Income-based Loan Repayment Plan: July 1, 2009
On July 1, 2009, a new federal program, called the Income-based Repayment Plan, goes into effect. If you’re a student in the process of repaying your federal student loans, you may qualify for the Income-based Repayment Plan, also referred to as the IBR, which caps your monthly loan payment at an amount calculated to be affordable based on your income and family size. Typically, the cap is set at 15% of your discretionary income.
An excellent IBR overview in the Boston Globe points out that one of the program’s goals is encouragement in a difficult employment climate: as a new grad, you may be willing to accept a lower-paying job if you don’t have to worry about a student loan payment bigger than your monthly take-home pay.

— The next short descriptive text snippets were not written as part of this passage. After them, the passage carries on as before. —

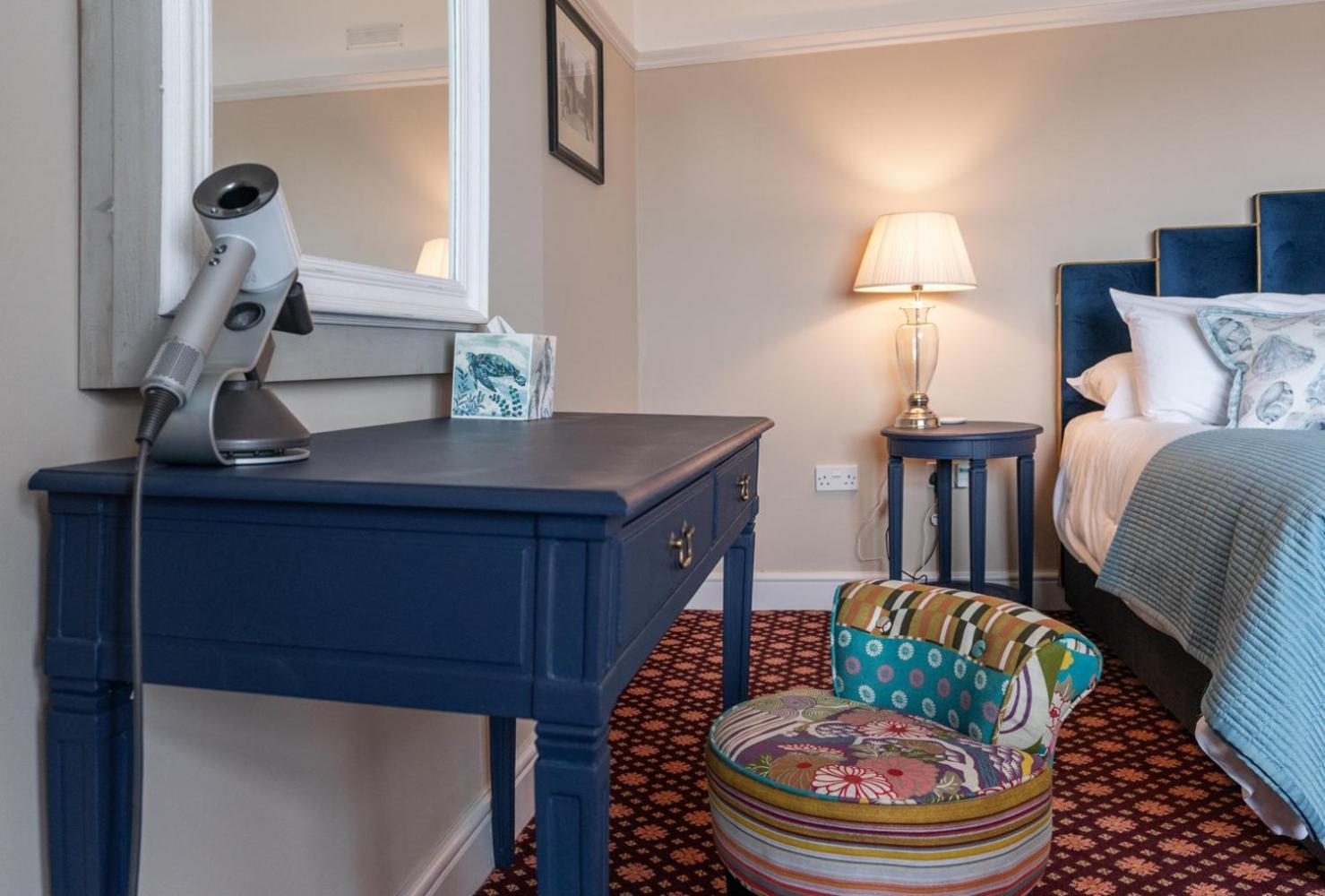Bridport Arms Hotel West Bay Kamer foto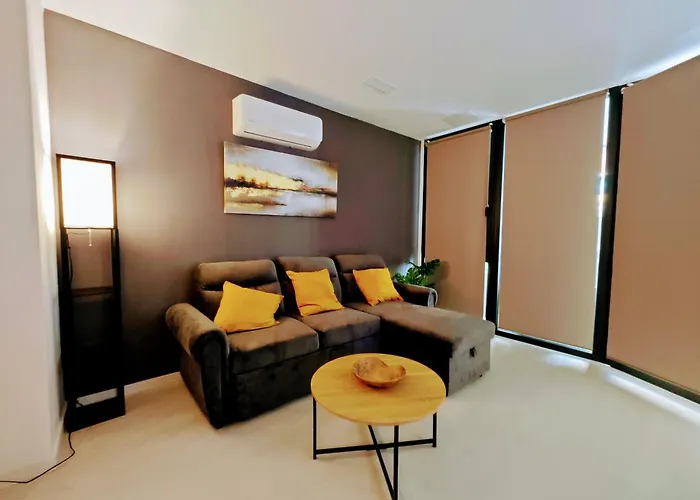 Sweet Διαμέρισμα Βαλένθια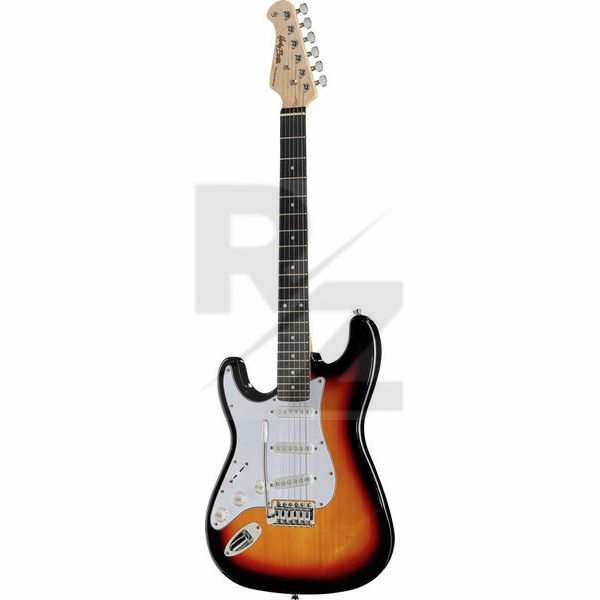 Image Harley Benton ST-20LH SB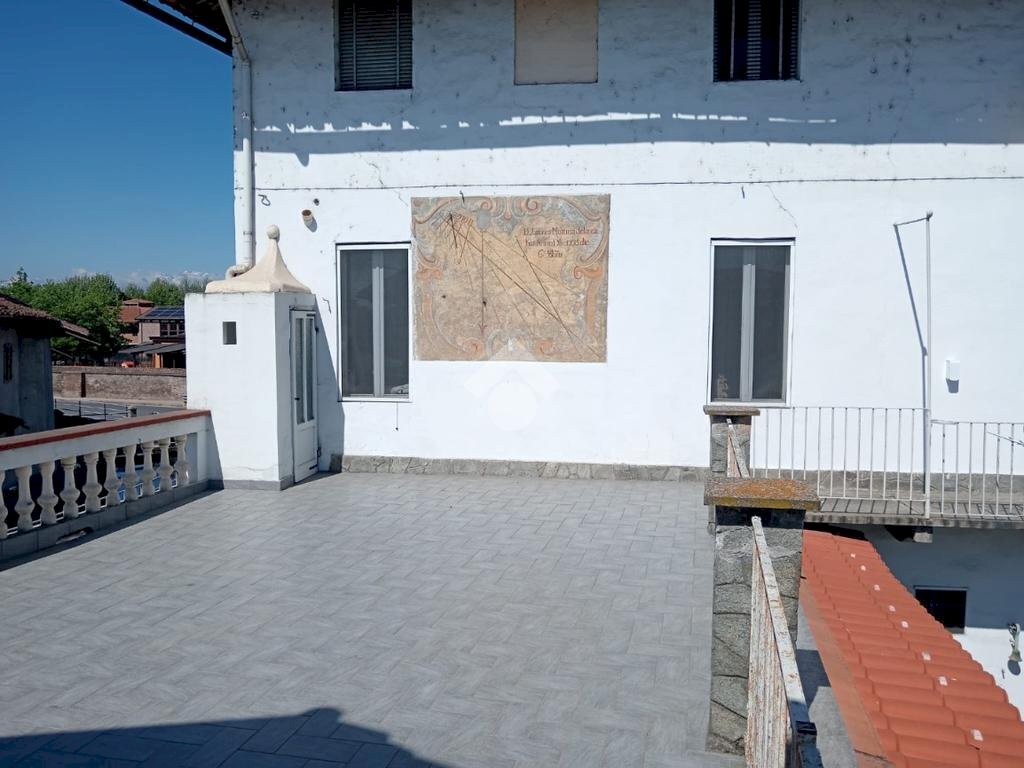 Villa Via Carlo Alberto, Virle Piemonte - foto 3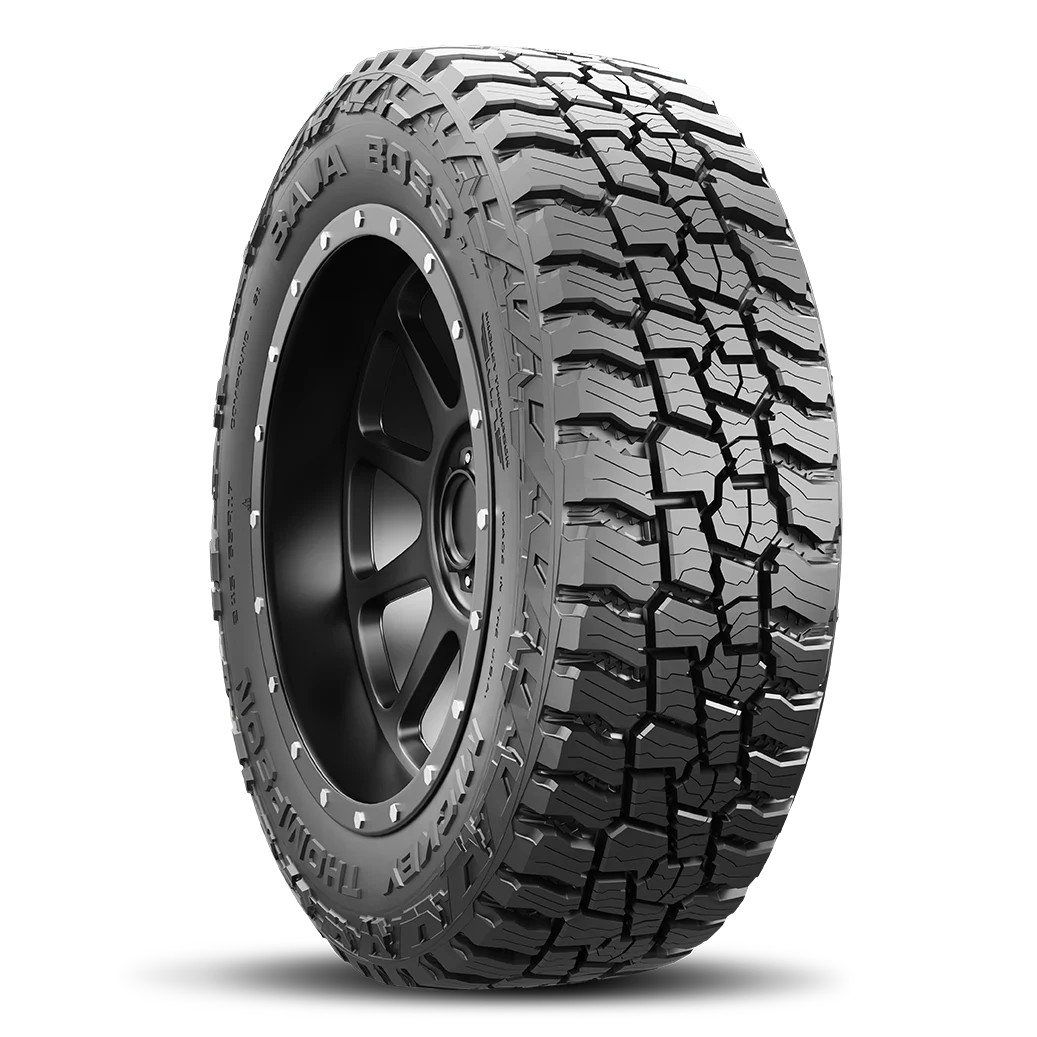 Mickey Thompson Baja Boss A/T Tire 275/55R20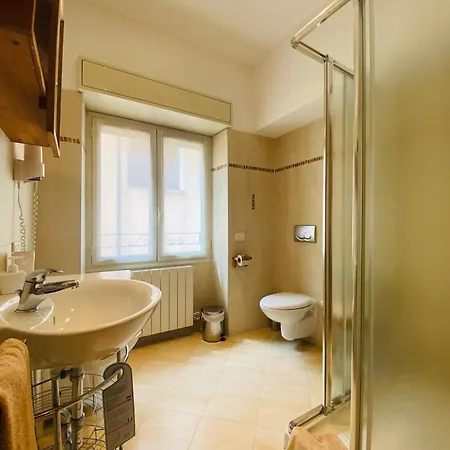 Nelia Maison d'hôtes Baveno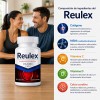 Reulex Frascos Colageno Msm Vitaminas Mas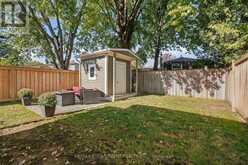 311 MONTEGO ROAD | Mississauga Ontario | Slide Image Thirty-seven
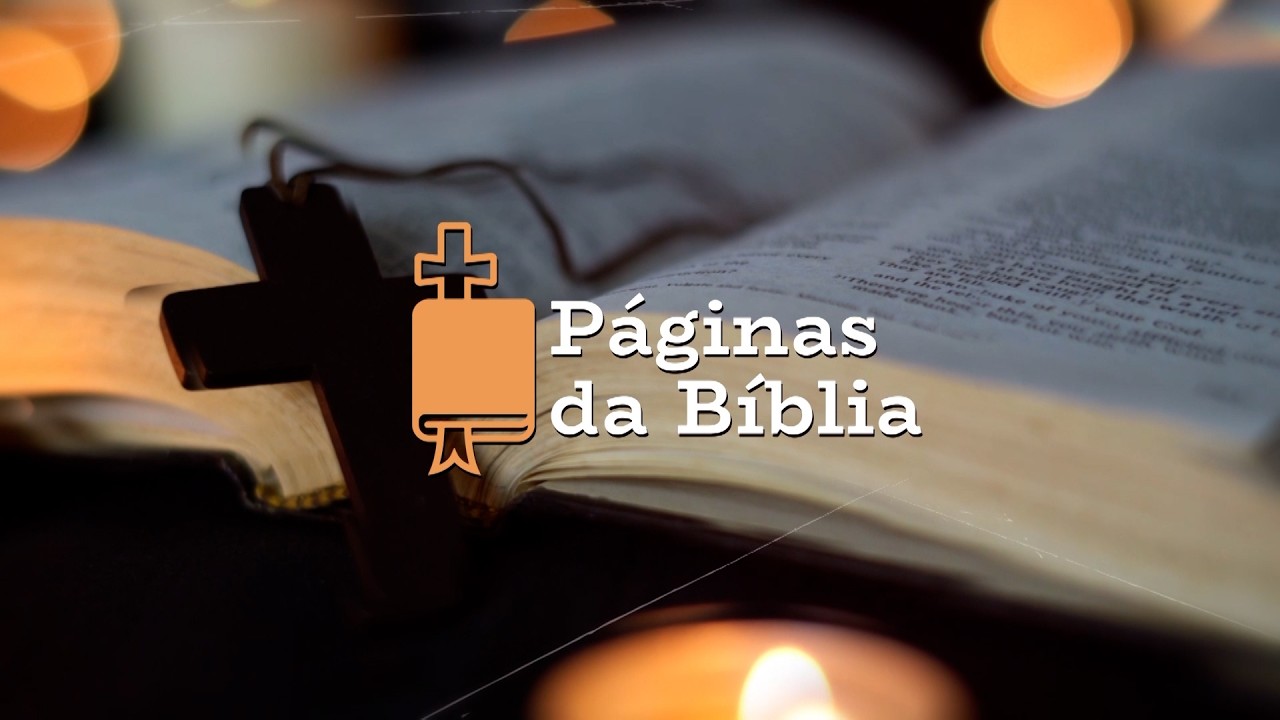 PÁGINAS DA BÍBLIA (17/02/26)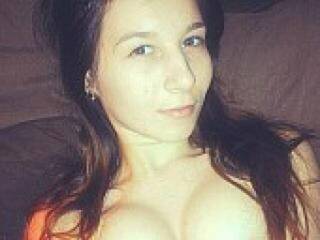 Chat de vídeo erótico ilyanasexy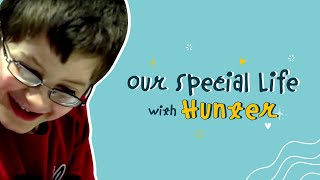 Cochlear Implants are Changing His Life  The Buford Family  Our Special Life  Episode 6 [upl. by Hali]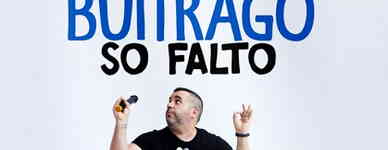 Buitrago: So Falto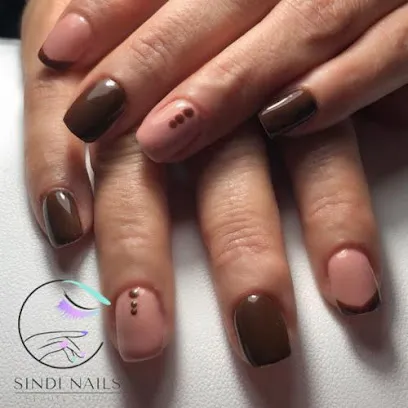 Sindi Nails Beauty Studio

Since the Income-based Repayment Plan is a federal program, it bases your discretionary income on your adjusted gross income. The federal financial aid website has a preliminary calculator that can give you an idea of whether you qualify for the IBR program, but the financial institution you got your student loan from will ultimately calculate your lowered payment for you.
Only federal loans qualify for income-based repayment. Eligible federal loans include:
- Stafford loans
- Graduate PLUS loans
- Most federal consolidation loans
Loans that are not eligible for IBR are:
- Parent PLUS loans
- Federal consolidation loans that include Parent PLUS loans
- Private loans
Sallie Mae, a lender authorized to issue and manage federal student loans, also has information on the IBR program, and a downloadable worksheet that may help you determine your eligibility and monthly payment.